For those unfamiliar with TV Everywhere, it is just one of several concepts, based on different technologies and business models, being developed for the online video marketplace.  TV Everywhere, specifically, would provide a new service at no extra charge to consumers who subscribe to a multichannel video programming service – whether provided by cable, satellite or telephone companies:  the ability to watch TV programs on PCs or laptops, and potentially other Internet-connected devices.  It could significantly increase the amount of high-value video content available online – something the FCC has said would help drive broadband adoption.

But Free Press’ theory seems to be that TV Everywhere poses a threat “to kill” online video competition because it would only be available to cable and other pay TV subscribers.  But they get it exactly backwards:  It is an effort to ensure more content than ever is distributed over the Internet at no extra charge to consumers.
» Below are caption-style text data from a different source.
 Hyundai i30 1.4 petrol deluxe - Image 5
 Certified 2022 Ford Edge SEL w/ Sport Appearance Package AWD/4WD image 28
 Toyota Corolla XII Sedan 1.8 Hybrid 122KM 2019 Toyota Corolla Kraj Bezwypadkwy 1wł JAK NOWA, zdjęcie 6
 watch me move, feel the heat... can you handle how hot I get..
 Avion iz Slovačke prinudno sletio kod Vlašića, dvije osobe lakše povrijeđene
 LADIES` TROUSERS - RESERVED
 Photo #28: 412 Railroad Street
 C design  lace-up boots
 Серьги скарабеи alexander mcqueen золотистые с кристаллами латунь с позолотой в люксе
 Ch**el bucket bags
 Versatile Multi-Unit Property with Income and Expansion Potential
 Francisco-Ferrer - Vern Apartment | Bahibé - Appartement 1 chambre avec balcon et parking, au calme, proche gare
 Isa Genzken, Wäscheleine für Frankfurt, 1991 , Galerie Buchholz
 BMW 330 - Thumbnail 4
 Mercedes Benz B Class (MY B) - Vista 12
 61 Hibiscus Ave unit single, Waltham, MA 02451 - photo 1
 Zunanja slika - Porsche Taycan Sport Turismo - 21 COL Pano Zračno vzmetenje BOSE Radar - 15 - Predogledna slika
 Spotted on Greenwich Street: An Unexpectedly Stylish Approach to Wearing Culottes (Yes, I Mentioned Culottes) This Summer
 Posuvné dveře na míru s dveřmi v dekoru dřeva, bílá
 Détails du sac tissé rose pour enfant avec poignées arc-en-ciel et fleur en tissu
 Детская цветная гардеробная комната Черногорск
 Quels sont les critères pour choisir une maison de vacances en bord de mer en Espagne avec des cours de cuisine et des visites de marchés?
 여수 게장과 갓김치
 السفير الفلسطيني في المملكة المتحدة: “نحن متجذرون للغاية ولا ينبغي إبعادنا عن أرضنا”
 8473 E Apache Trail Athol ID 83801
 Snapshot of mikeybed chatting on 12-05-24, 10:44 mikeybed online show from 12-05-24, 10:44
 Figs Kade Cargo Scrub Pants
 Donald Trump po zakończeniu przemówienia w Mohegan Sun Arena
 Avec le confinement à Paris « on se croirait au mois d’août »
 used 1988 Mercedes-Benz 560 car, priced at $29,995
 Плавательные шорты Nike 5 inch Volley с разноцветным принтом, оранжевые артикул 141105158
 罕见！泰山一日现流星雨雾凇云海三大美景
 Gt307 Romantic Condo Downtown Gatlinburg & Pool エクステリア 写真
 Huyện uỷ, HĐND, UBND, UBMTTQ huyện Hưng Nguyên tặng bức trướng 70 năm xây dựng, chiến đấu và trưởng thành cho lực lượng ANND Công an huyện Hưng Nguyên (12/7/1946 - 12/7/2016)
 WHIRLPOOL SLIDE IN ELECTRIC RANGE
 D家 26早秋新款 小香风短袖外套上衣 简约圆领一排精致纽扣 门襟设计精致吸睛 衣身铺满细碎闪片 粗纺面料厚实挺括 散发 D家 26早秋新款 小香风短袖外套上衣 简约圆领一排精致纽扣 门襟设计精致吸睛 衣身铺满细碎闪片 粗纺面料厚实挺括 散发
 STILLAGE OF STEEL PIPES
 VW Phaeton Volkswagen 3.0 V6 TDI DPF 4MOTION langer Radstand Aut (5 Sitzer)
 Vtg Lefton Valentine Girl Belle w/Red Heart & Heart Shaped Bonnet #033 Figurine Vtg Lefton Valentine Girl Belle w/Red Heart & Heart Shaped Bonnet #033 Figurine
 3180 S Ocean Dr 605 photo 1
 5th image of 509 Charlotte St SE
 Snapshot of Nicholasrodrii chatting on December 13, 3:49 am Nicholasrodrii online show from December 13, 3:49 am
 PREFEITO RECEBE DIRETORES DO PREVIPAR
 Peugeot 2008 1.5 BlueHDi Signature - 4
Moreover, the TV Everywhere concept involves a multitude of competing program networks, most of which distribute their content on competing cable, satellite, telephone and online platforms.   As publicly announced, TV Everywhere envisions separate, bilateral agreements between one content company and one or more individual distributors.  It is purely vertical in nature – like any arrangement between a content company and a distributor.  As online video evolves, various distributors and content companies may – and likely will – come to widely varying bilateral arrangements.

It is no wonder that developing and implementing this concept isn’t easy, given the vast numbers of possible participants; however, calling any of this “collusion” is, to be kind, strange.  The fact that distribution of content requires a number of differing and competing parties to enter into a multitude of bilateral agreements is normal.  Contrary to Free Press' suggestions, the antitrust laws do not prohibit, but encourage collaboration, even among competitors, that lead to innovation and new products and services for consumers.

Distributors do not have the ability to unilaterally decide how content is distributed.  Content owners, through individual business arrangements with a growing array of distributors, ultimately make those decisions – in much the same way every other sector of the economy works.  No single content owner or distributor is controlling this process or could do so.

What is remarkable about the online video industry, even at this early stage of development, is just how dynamic it is.  Content providers can elect to distribute their content through advertising models such as Hulu or subscription models such as iTunes.  MLB.TV will give you live programming, an online DVR, picture-in-picture, and much more for an annual fee.   Indeed, there are a growing number of “paid content” models emerging on the Internet—and a large and growing number of competitors using different models – from Netflix to Blockbuster to Vuze to Veoh to iReel to Sezmi to Apple TV to ESPN360 to VUDU to Miro, and on and on.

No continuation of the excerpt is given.